Robert Barton rob at realintent.com
Mon Apr 3 15:52:49 UTC 2023


I'm looking for help in understanding a problem we're having such that 
Slurm indicates that a job was killed, but not why. It's not clear 
what's actually killing the jobs; we've seen jobs killed for time limits 
and out-of-memory issues, and those reasons are obvious in the logs when 
they happen, and that's not happening here.

In Googling for the error messages, it seems like the jobs are killed 
outside of Slurm, but the engineer insists that this is not the case.
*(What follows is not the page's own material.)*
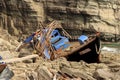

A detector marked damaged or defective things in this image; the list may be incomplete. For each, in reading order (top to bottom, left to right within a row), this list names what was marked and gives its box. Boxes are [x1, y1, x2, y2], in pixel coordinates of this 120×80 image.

wrecked wooden boat [15, 20, 100, 62]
This happens sporadically, maybe every one or two million jobs, and is 
not reliably reproducible. I'm looking for any ways to gather more 
information about the cause of these issues.

Slurm version: 20.11.9

The relevant messages:


[2023-03-27T20:53:55.336] sched: _slurm_rpc_allocate_resources 
JobId=31360187 NodeList=(null) usec=5871
[2023-03-27T20:54:16.753] sched: Allocate JobId=31360187 NodeList=cl4 
#CPUs=1 Partition=build
[2023-03-27T20:54:27.104] _job_complete: JobId=31360187 WTERMSIG 9
[2023-03-27T20:54:27.104] _job_complete: JobId=31360187 done


[2023-03-27T20:54:23.978] launch task StepId=31360187.0 request from 
UID:255 GID:100 HOST: PORT:59370
[2023-03-27T20:54:23.979] task/affinity: lllp_distribution: 
JobId=31360187 implicit auto binding: cores,one_thread, dist 1
[2023-03-27T20:54:23.979] task/affinity: _lllp_generate_cpu_bind: 
_lllp_generate_cpu_bind jobid [31360187]: mask_cpu,one_thread, 0x000008
[2023-03-27T20:54:24.236] [31360187.0] task/cgroup: _memcg_initialize: 
/slurm/uid_255/job_31360187: alloc=4096MB mem.limit=4096MB 
[2023-03-27T20:54:24.236] [31360187.0] task/cgroup: _memcg_initialize: 
/slurm/uid_255/job_31360187/step_0: alloc=4096MB mem.limit=4096MB 
[2023-03-27T20:54:27.038] [31360187.0] error: *** STEP 31360187.0 ON cl4 
CANCELLED AT 2023-03-27T20:54:27 ***
[2023-03-27T20:54:27.099] [31360187.0] done with job

srun output:

srun: job 31360187 queued and waiting for resources
srun: job 31360187 has been allocated resources
srun: jobid 31360187: nodes(1):`cl4', cpu counts: 1(x1)
srun: launching StepId=31360187.0 on host cl4, 1 tasks: 0
srun: launch/slurm: launch_p_step_launch: StepId=31360187.0 aborted 
before step completely launched.
srun: Complete StepId=31360187.0+0 received
slurmstepd: error: *** STEP 31360187.0 ON cl4 CANCELLED AT 
2023-03-27T20:54:27 ***
srun: launch/slurm: _task_finish: Received task exit notification for 1 
task of StepId=31360187.0 (status=0x0009).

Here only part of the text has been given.